Our next question comes from Arun Jayaram at JPMorgan Securities..
Maybe, Steve, I want to ask you a little bit about the working capital build in the quarter in Egypt in the U.S. and just thoughts on the drivers of that.
And would you expect that to reverse in 2Q over the balance of the year?.
Yes. Arun. Yes, as I've indicated earlier, there was a $500 million working capital increase. $300 million of that was because of a paydown of accrued compensation obligations that were accrued through the 2022 calendar year, and $100 million of that was due to the paydown of other payables, other accounts payable.
And then there were a bunch of other small items, ups and downs, that amounted to the full $500 million. And I did indicate that buried within that was the $180 million increase in Egypt accounts receivable. I think that most of that is going to reverse during 2023.
As every quarter, we accrue the incentive compensation that will be payable at the -- in the first quarter of the following year. So a lot of that's just going to reaccrue as we go through calendar year 2023..
Great. And just my follow-up, maybe for David. David, in order to hit, call it, the midpoint of the full year oil guide, the business would have to average oil production in the upper 160s for the back half of the year. Just -- it sounds like your 2Q guide is a little conservative.
But maybe if you could help us walk through and give us comfort on hitting those levels because the midpoint is 159 for oil..
Are we -- we're talking Egypt gross?.
No, just full year oil or the component..
Yes. So I think there's a -- if you -- without getting into the granularity of each asset, we feel confident in the ability to hit the Egypt exit to exit. The U.S. is going to grow. We have 21 wells coming online in the second quarter. We have more than that in the third quarter.
A fair number of the wells that were brought online in the first quarter were 3 milers that were brought on towards the end of the quarter. So we feel good about the U.S. ability to execute.

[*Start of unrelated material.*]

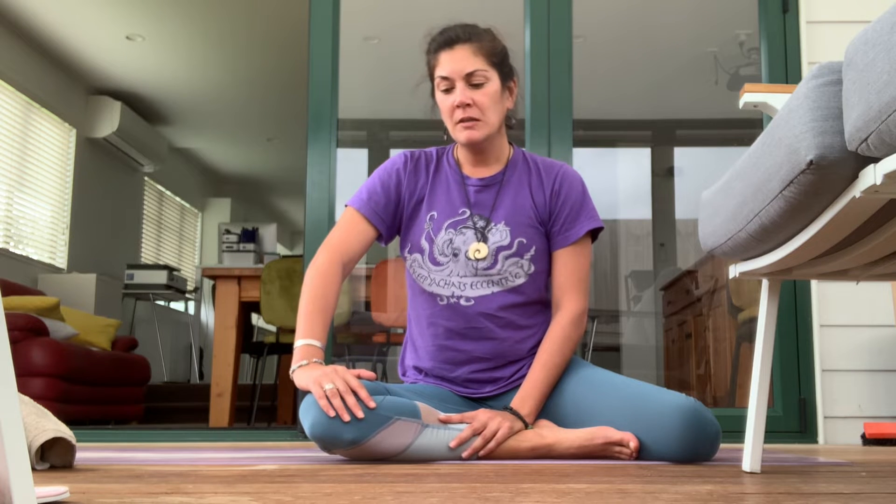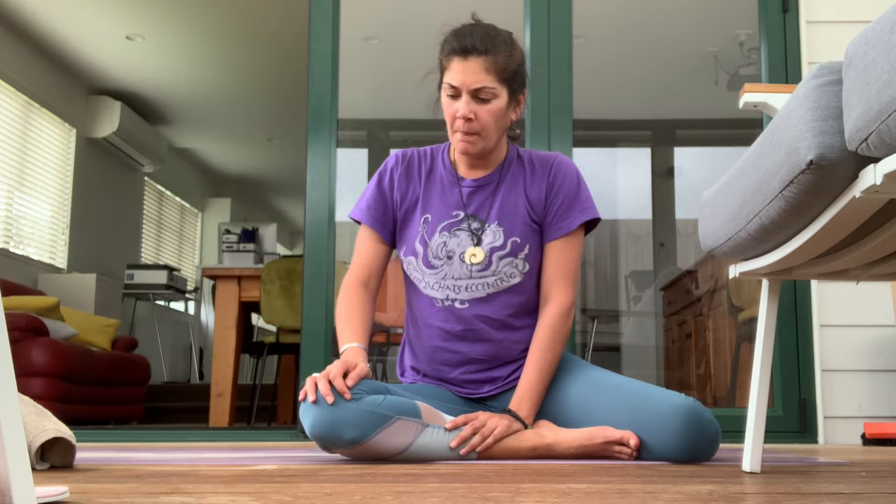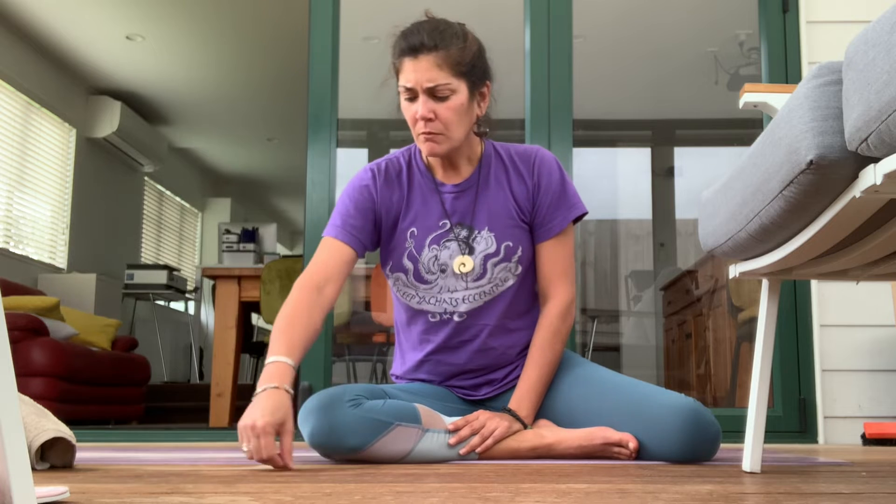Some more passive inversions would be plow and shoulder stand, along with some restorative ones. But in terms of the heating ones — which of course is what you see on Instagram — the principles are going to be the same as hand balancing, when it comes to using the upper section of your body to support the entire body.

And then on the North Sea, which is kind of because of the EPL, everyone's kind of forgot about that, but we're actually having a pretty good operating success so far this year in the North Sea, both with platform operating efficiency. But we also brought on a really nice well at the end of the first quarter, and we have another well to store.
It's the last subsea well that the Ocean Patriot drilled. It will be online here relatively quickly. That's going to be a little bit higher gas mix, which in the North Sea is not a bad thing right now. So we feel really comfortable with our ability to hit the portfolio growth targets..
Our next question comes from Leo Mariani at Ross MKM..
Just a question here on Suriname.
Obviously, you guys are still going through the appraisal process at Krabdagu, but perspective [indiscernible] oil there, if you look at it in the radio and what you've already done appraisal wise at [indiscernible] are kind of enough to move forward with the development of a nice pool of oil here?.
Yes, you're cutting out for most of your questions. So I think it's -- do we have enough. And I think the answer is, as we've said all along with Krabdagu, we're looking at an oil hub, which incorporates both Sapakara and Krabdagu. And the thing we've been focused on is a scope and scale right.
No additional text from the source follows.